## What is expected
Word for word, repeat the data that follows. Do not include the pictures.

## Source data

⁂

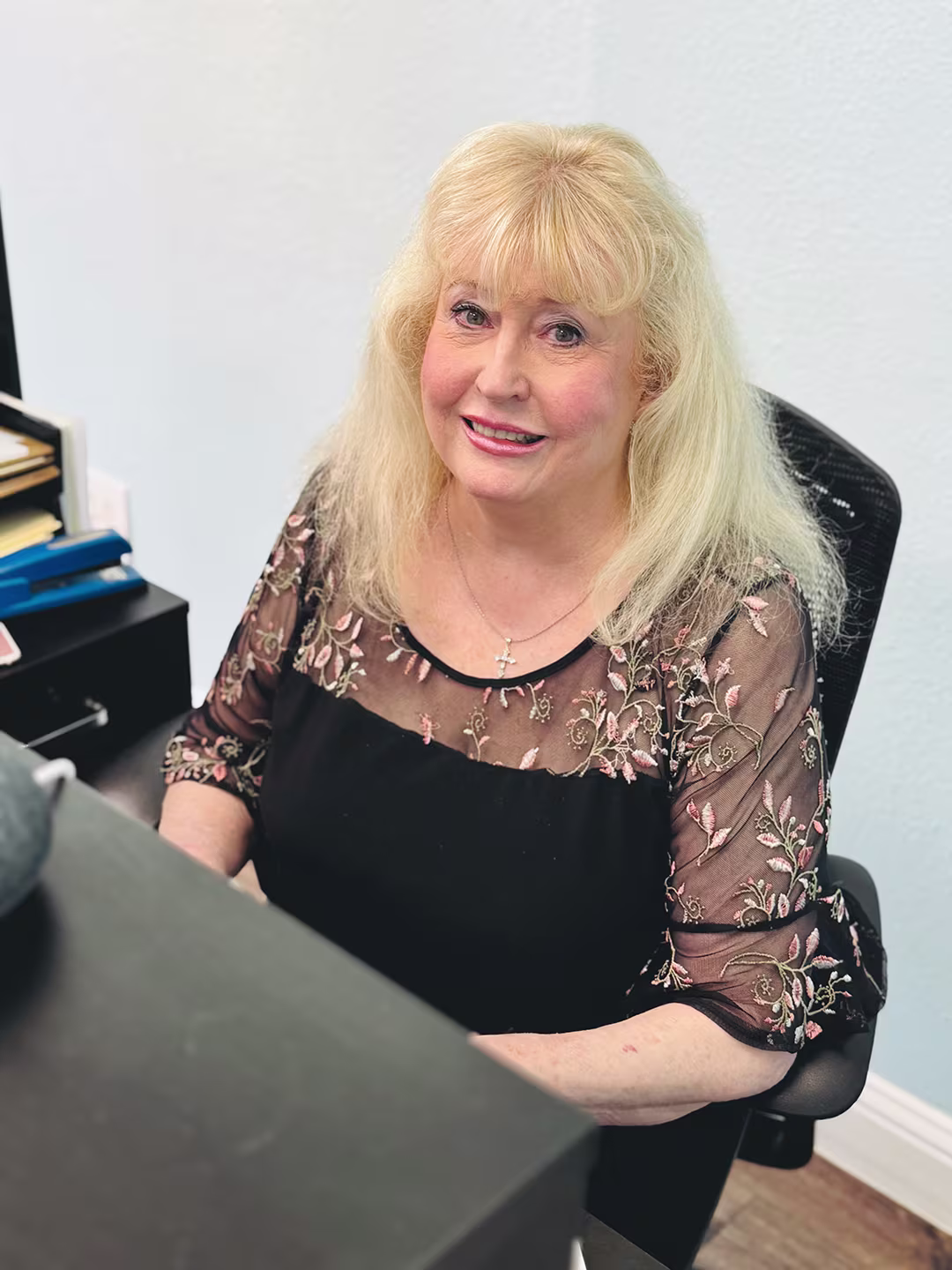 Vicki Ward
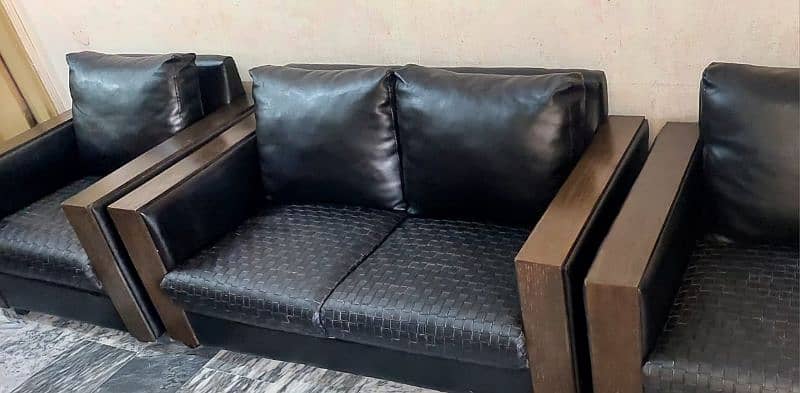 4 Seater Sofa set 1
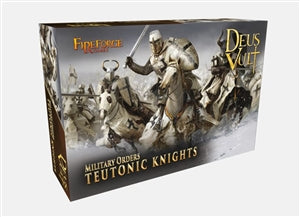 Fireforge Games - Deus Vult - Teutonic Knights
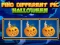 Игра Find Different Pic Halloween онлайн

⁂

## Output
 Vicki Ward
 4 Seater Sofa set 1
 Fireforge Games - Deus Vult - Teutonic Knights
 Игра Find Different Pic Halloween онлайн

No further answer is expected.